» **The task**:
All that is needed is the line containing "Donut Shop Menu" and the lines after it to the end of the material, written out exactly, pictures left aside.

» **Input material**:
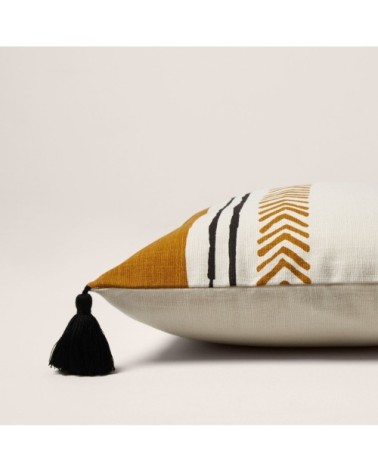 Housse de coussin 40x40 cm Naturel ocre et noir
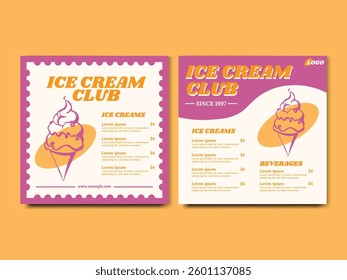 Donut Shop Menu Price List Square Banner Social Media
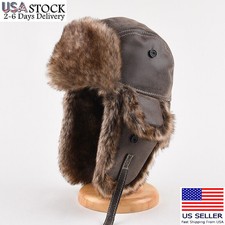 Men Faux Leather Fur Hat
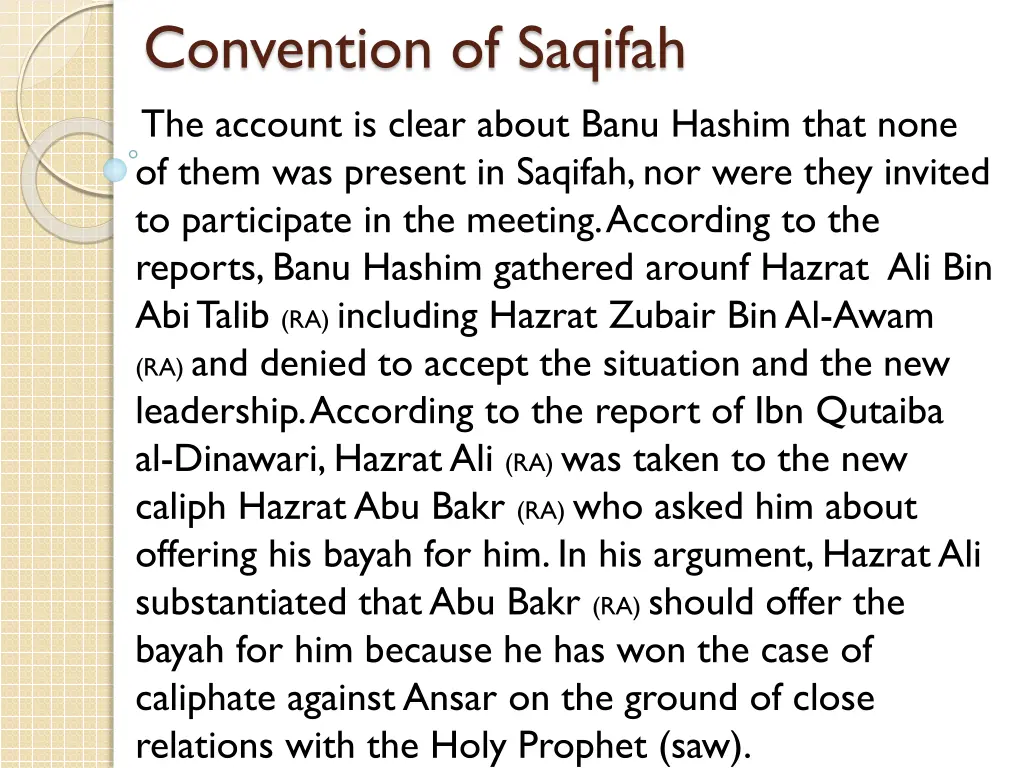 convention of saqifah the account is clear about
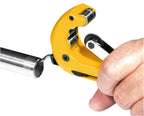 REMS RAS Cu-INOX (mit Teleskopspindel, mit 4 spezialgehärteten Gegendruckrollen, ergonomischer Drehgriff, einfacher Schneidradwechsel, Rohrabschneider) 113350 R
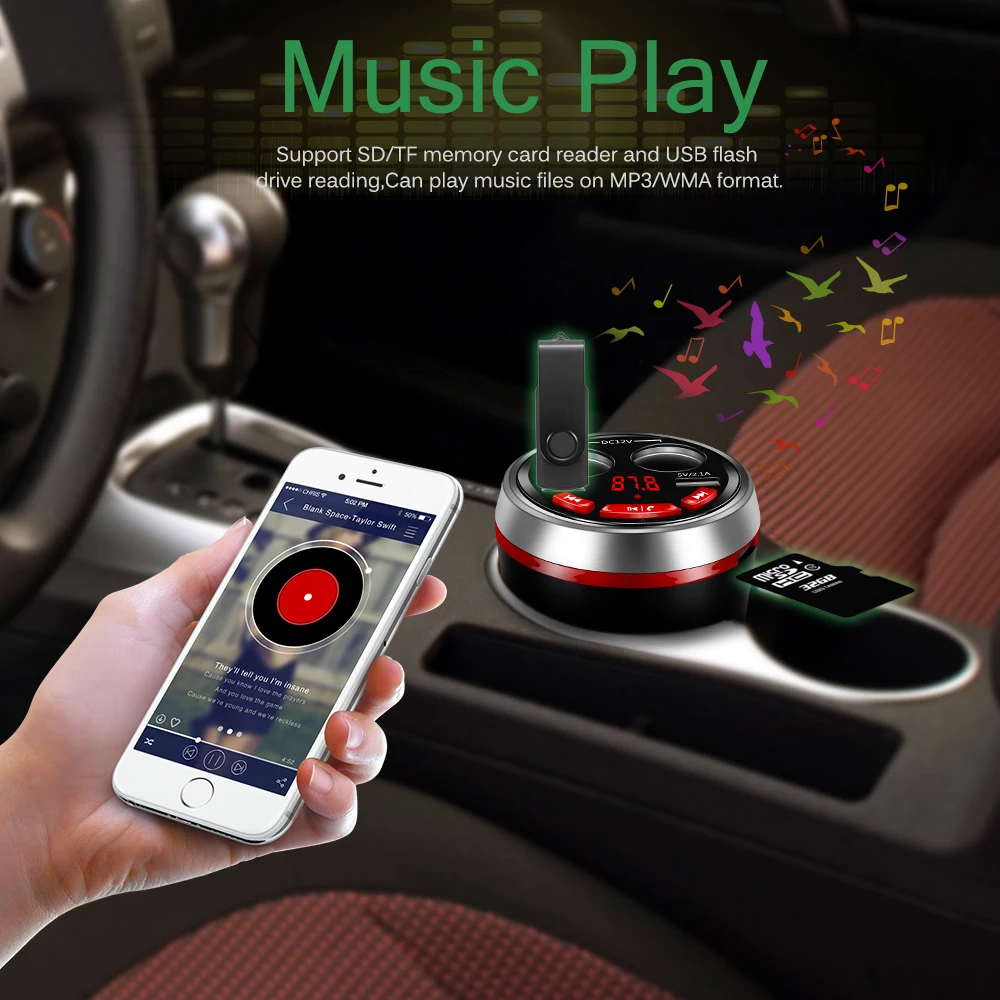 Автомобильный держатель для чашки комплект Bluetooth fm-передатчик прикуриватель гнездо USB зарядное устройство адаптер Поддержка U диск чтение Hands-free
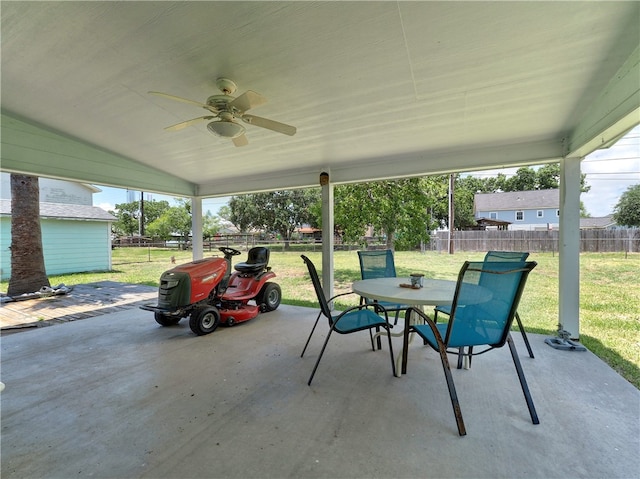 view of patio with ceiling fan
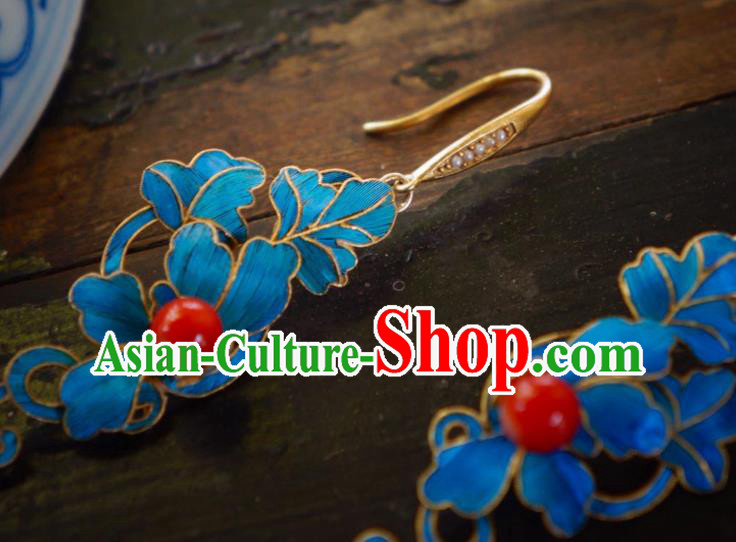Chinese Ancient Empress Agate Ear Accessories Traditional Qing Dynasty Cloisonne Earrings Jewelry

» **Response to this task**:
 Donut Shop Menu Price List Square Banner Social Media
 Men Faux Leather Fur Hat
 convention of saqifah the account is clear about
 REMS RAS Cu-INOX (mit Teleskopspindel, mit 4 spezialgehärteten Gegendruckrollen, ergonomischer Drehgriff, einfacher Schneidradwechsel, Rohrabschneider) 113350 R
 Автомобильный держатель для чашки комплект Bluetooth fm-передатчик прикуриватель гнездо USB зарядное устройство адаптер Поддержка U диск чтение Hands-free
 view of patio with ceiling fan
Chinese Ancient Empress Agate Ear Accessories Traditional Qing Dynasty Cloisonne Earrings Jewelry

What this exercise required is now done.